GUATEMALA CITY – Guatemala’s Congress last week approved a measure that effectively restores the death penalty nearly six years after the country’s

Constitutional Court

declared a moratorium on executions.

The bill, sponsored by the main opposition right-wing Patriot Party, won by an overwhelming majority.

Lawmakers’ action means that President Alvaro Colom, an opponent of capital punishment, will have to decide whether to grant clemency to the 34 convicts now on death row in Guatemala.

Patriotic Party Congresswoman Roxanna Baldetti told reporters that the high levels of violence in the Central American country justify the use of capital punishment.

Under the measure passed Feb. 12, Colom will have 30 days to rule on each separate application for clemency, which is automatic in capital cases.

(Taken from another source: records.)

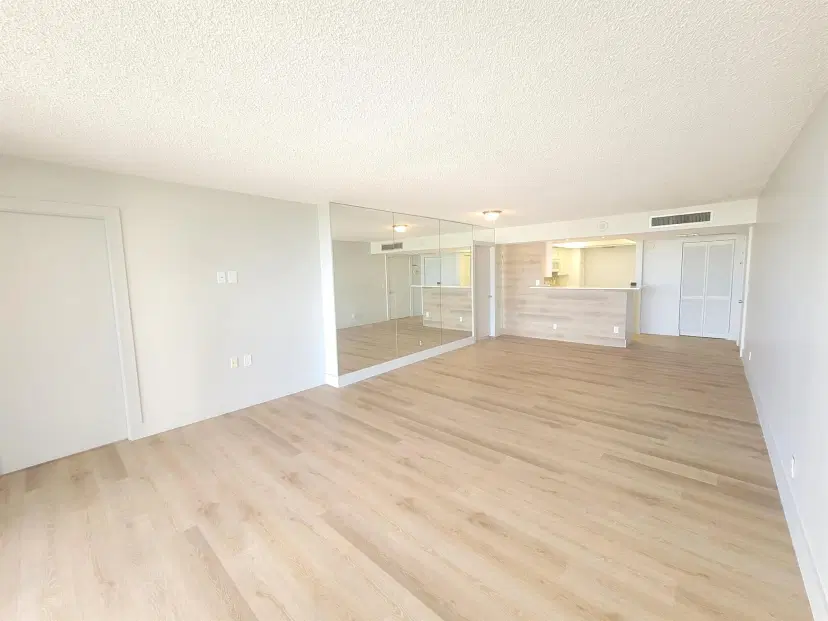 Picture of 2425 Presidential Way 603, West Palm Beach FL 33401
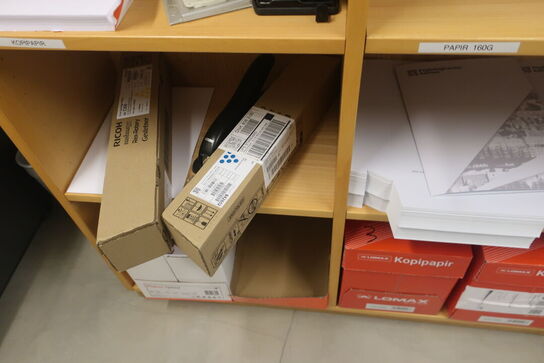 Reol / Whiteboard / bord m.m.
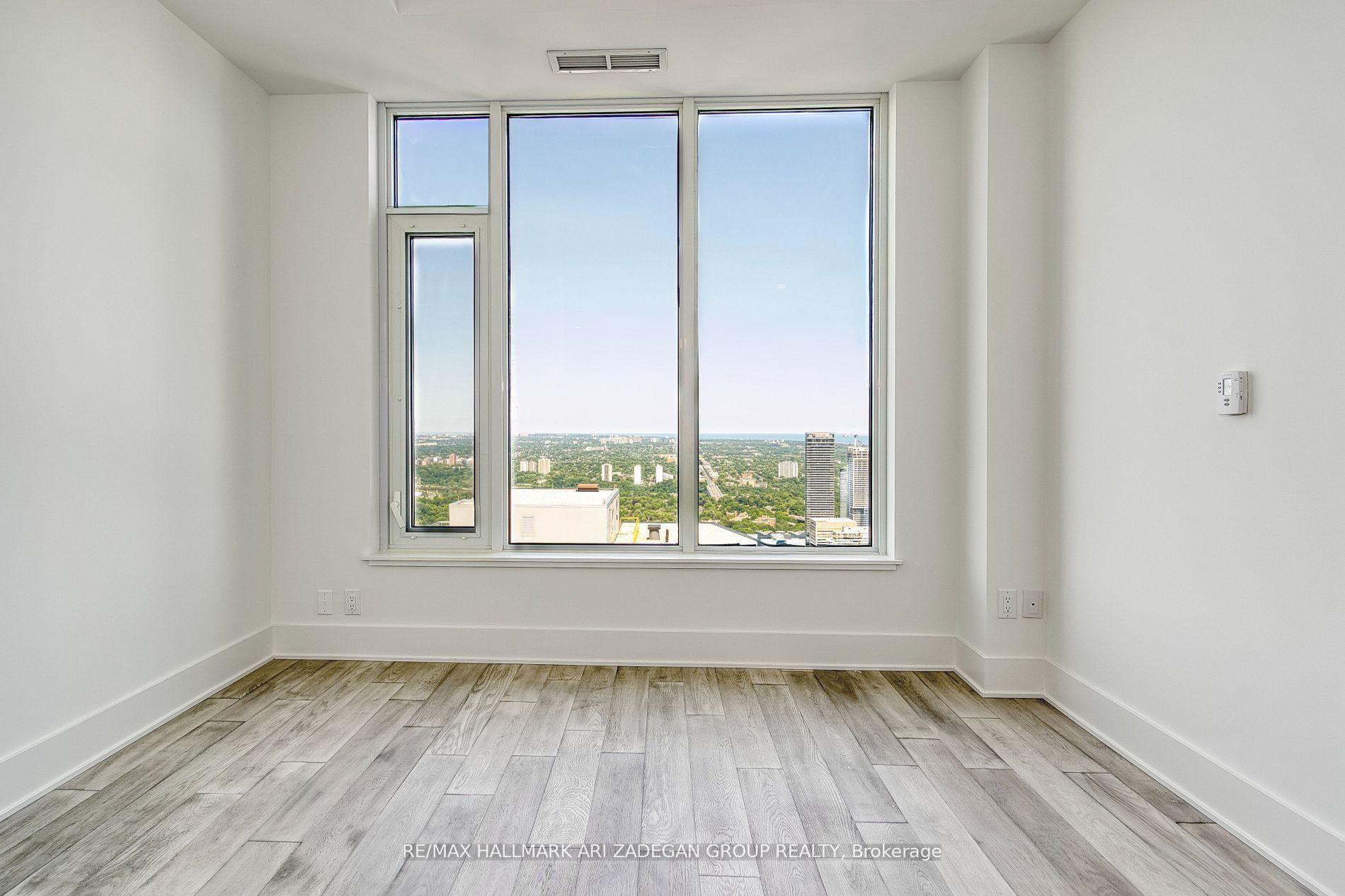 Photo 8 of Unit 5806, 11 Yorkville Avenue, Toronto, The Annex — HOMEH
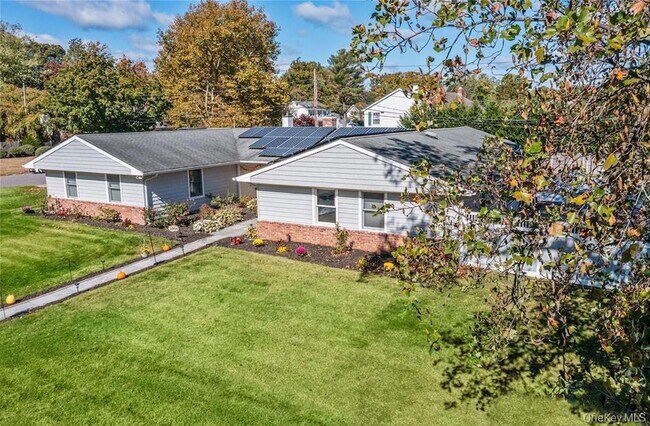 Building Photo - 11 Onyx Dr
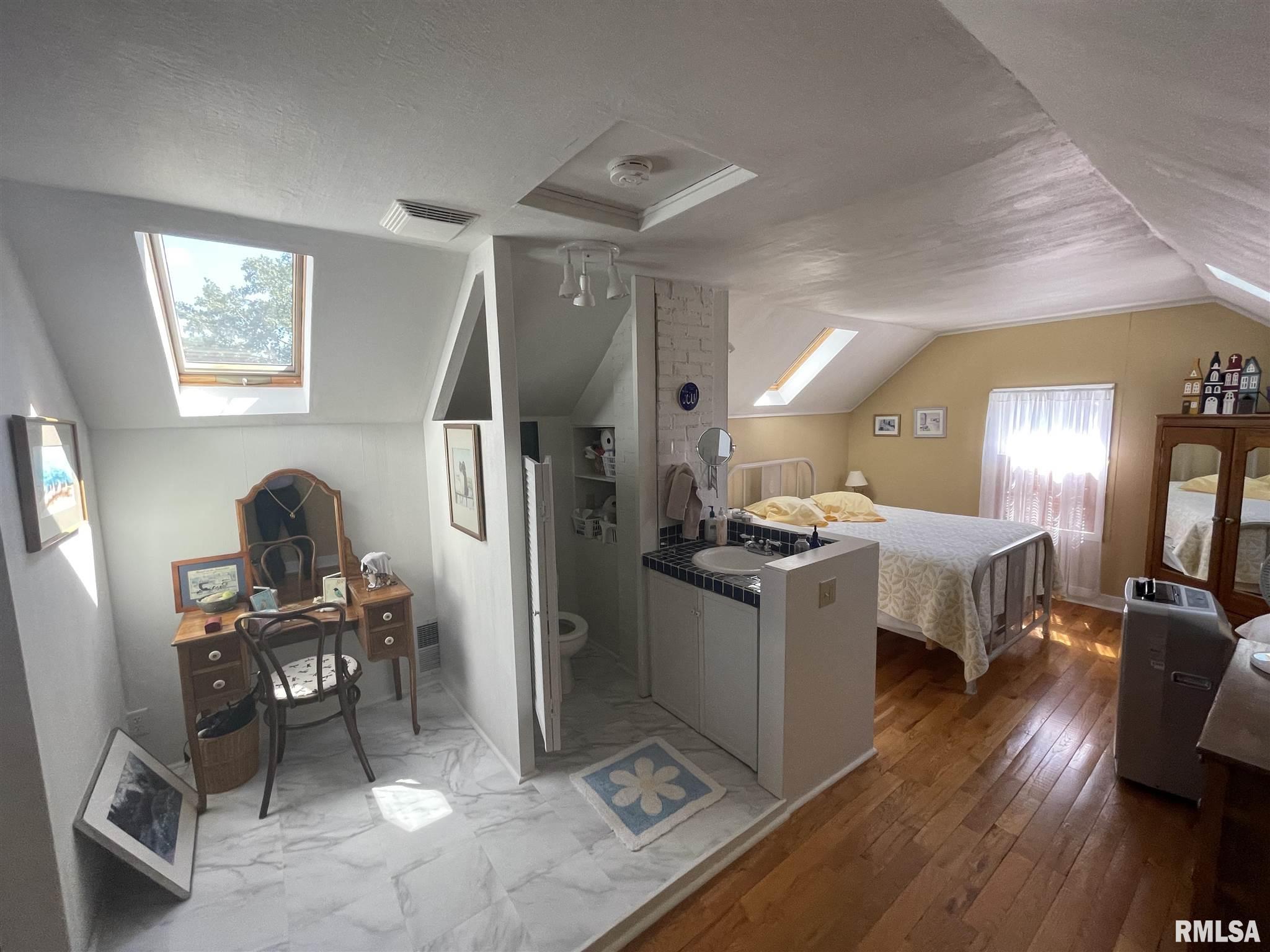 601 Ridge Street Washington, IL 61571 - Photo 14 of 26 Gallery Image 14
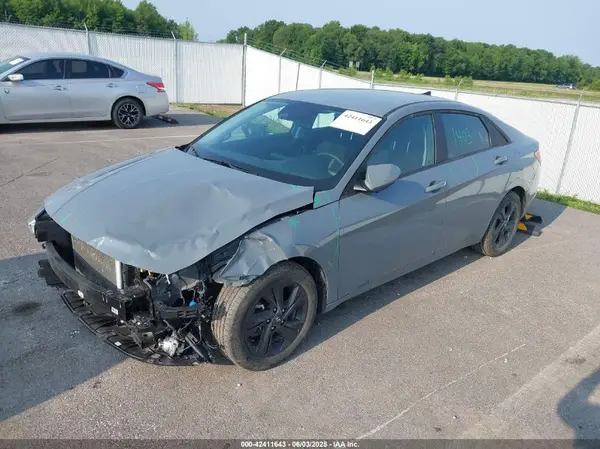 KMHLM4AG1PU414732 2023 HYUNDAI ELANTRA - Image 2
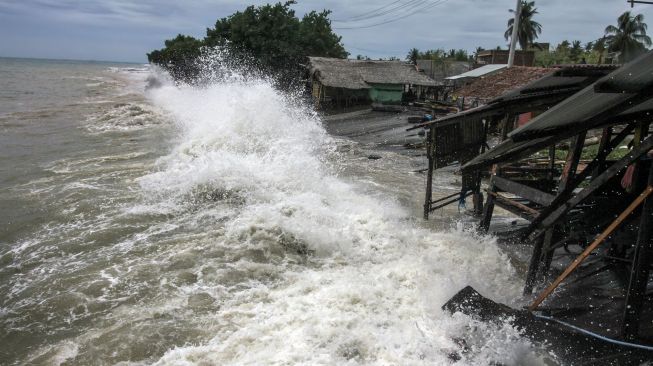 Masyarakat Pesisir Diminta Waspadai Potensi Gelombang Tinggi Laut Selatan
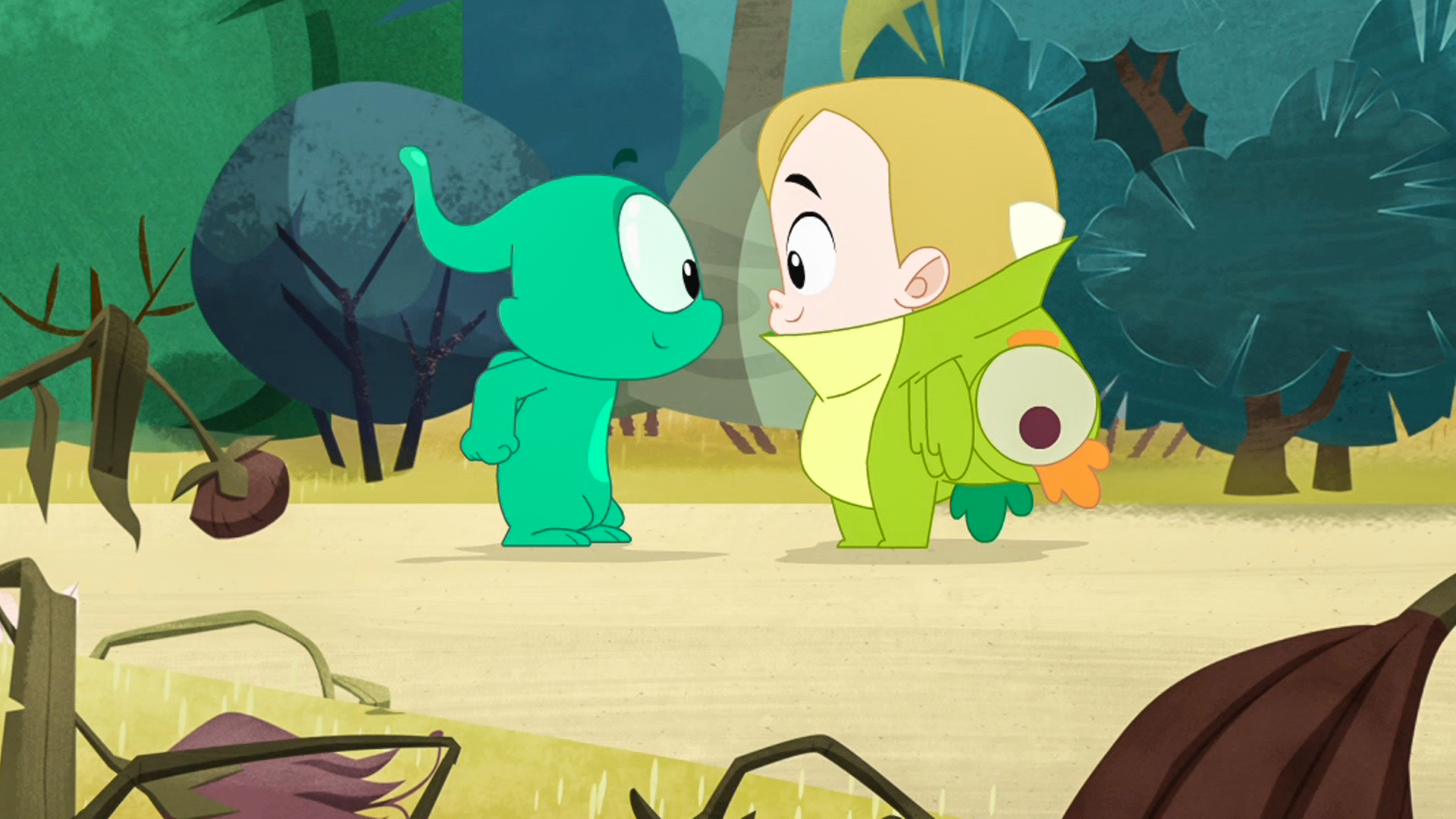 Ernest und Marie-Agnes' kleiner Cousin Basti stehen sich gegenüber. Basti hat ein grünes Drachenkostüm an.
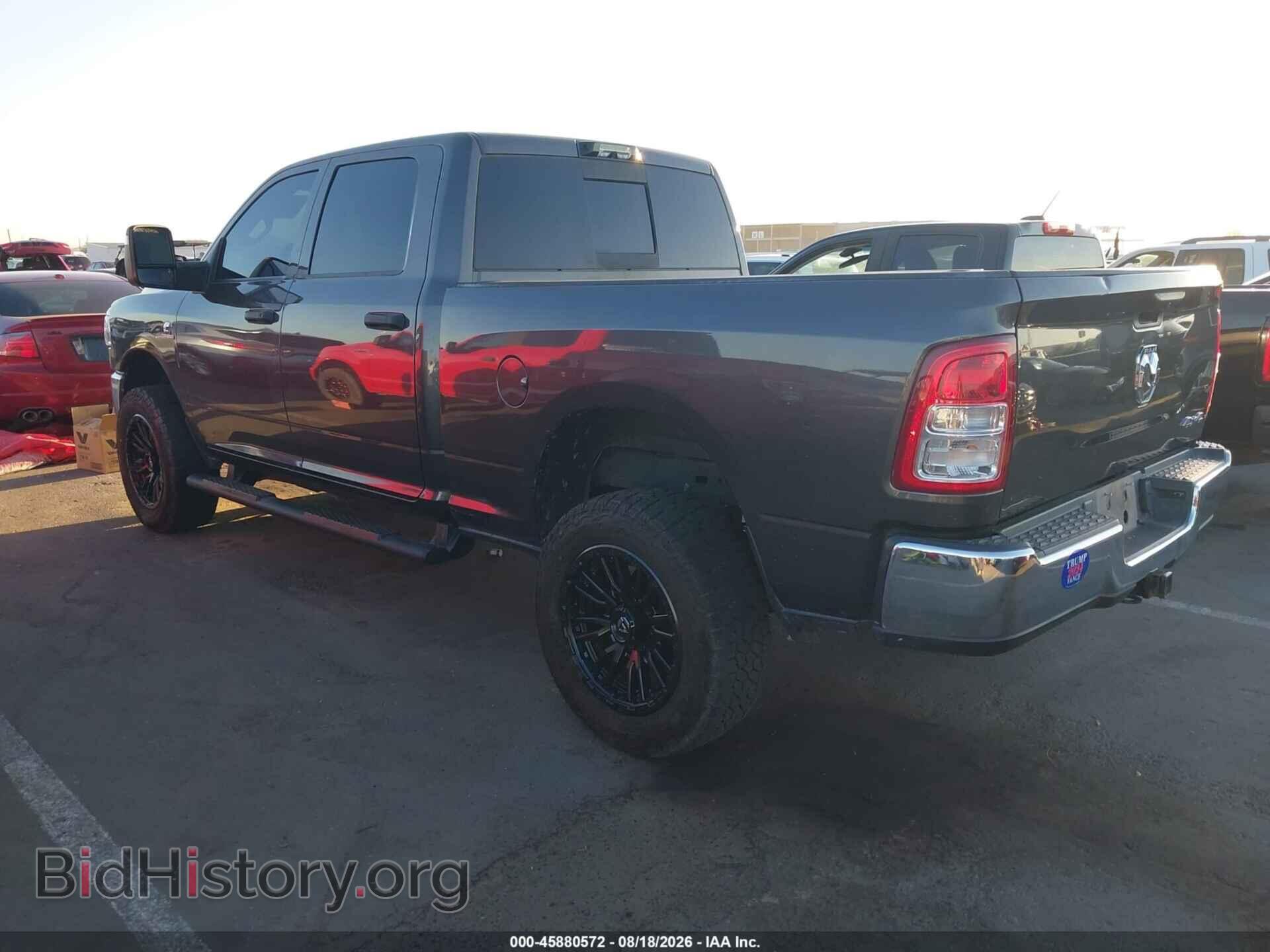 2024 RAM 2500 - VIN: 3C6UR5CL6RG218096 - Photo 3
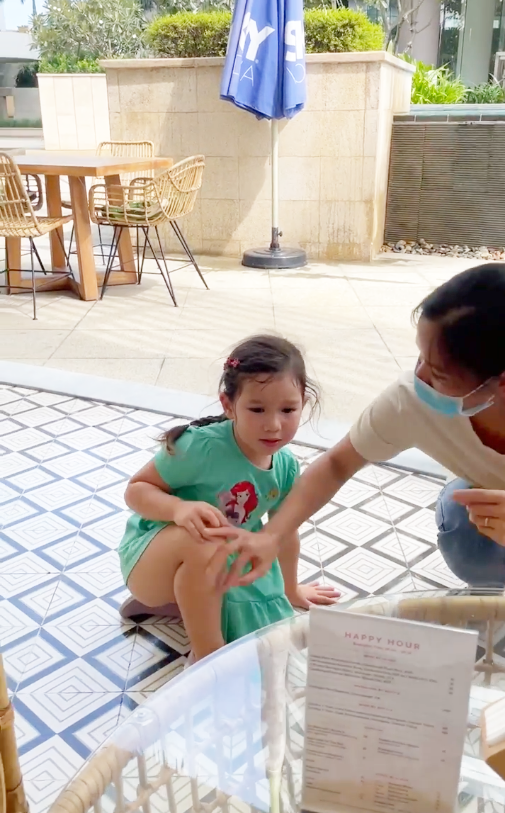 Con gái vấp ngã đau đớn, siêu mẫu Hà Anh xử lý nhẹ nhàng mà ai cũng khen nức nở-1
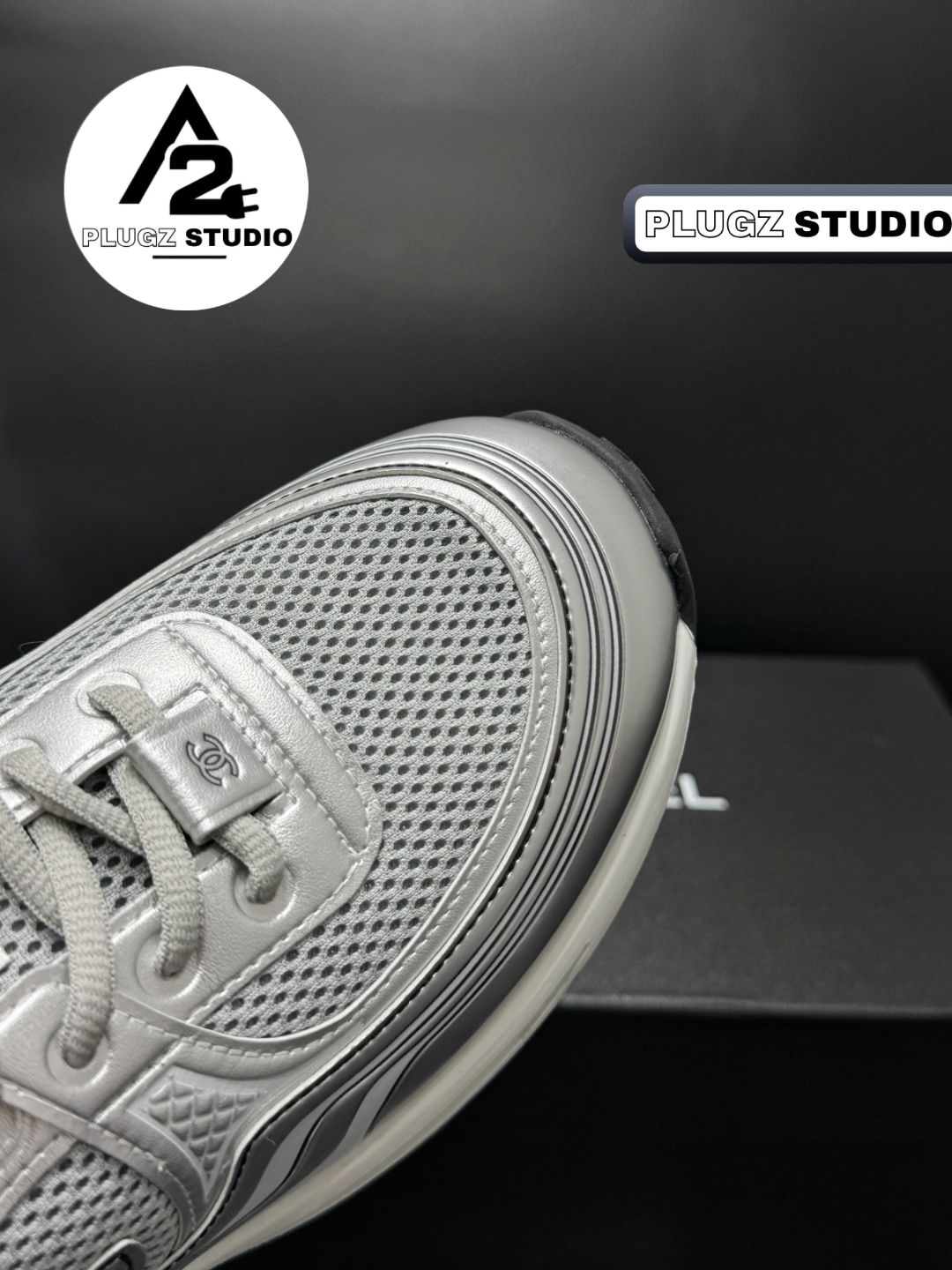 Chanel CC Mesh Runner Sneaker – Gris Clair / Blanc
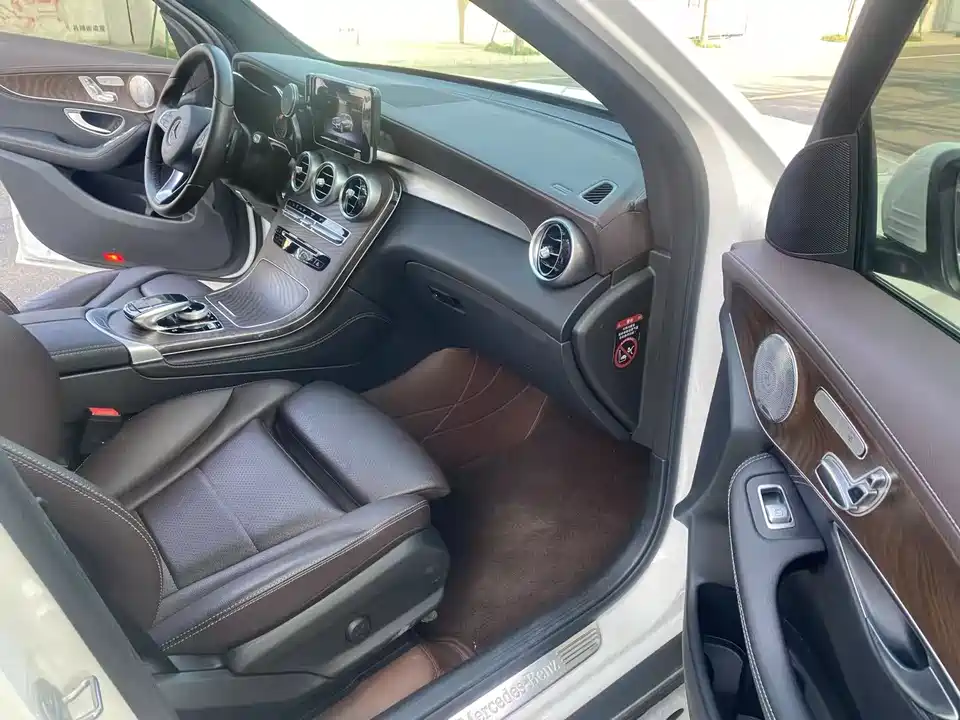 Mercedes-Benz GLC Mercedes-Benz GLC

He can either order the execution to proceed or commute the convict’s sentence to 50 years in prison, the maximum allowed under Guatemalan law.

The president’s press secretary, Ronaldo Robles, said that Colom “is respectful of the law and will assume his responsibility.”

“When the requests for clemency are presented, the president will examine them and if he determines the death penalty should be applied, it will have to be applied as the law establishes,” Robles said.

The

Constitutional Court

declared a moratorium on executions in 2002 at the request of then-President Alfonso Portillo, who contended that the 1892 law establishing the commutation mechanism did not specify which element of government actually has the authority to grant clemency.

In that ruling, the judges said it was up to Congress to amend the law and clarify the issue of jurisdiction.

Guatemala’s last executions were in June 2000, when Amilcar Cetino and Tomas Cerrate were put to death for the kidnapping and murder of a wealthy businesswoman.

A poll published in May 2007 showed that 65% of Guatemalans favor the death penalty as a way of taming the violence that is reflected in a murder rate of around 14 people a day.

Guatemala, Cuba and the United States are the only nations in the Americas that maintain the death penalty on their books.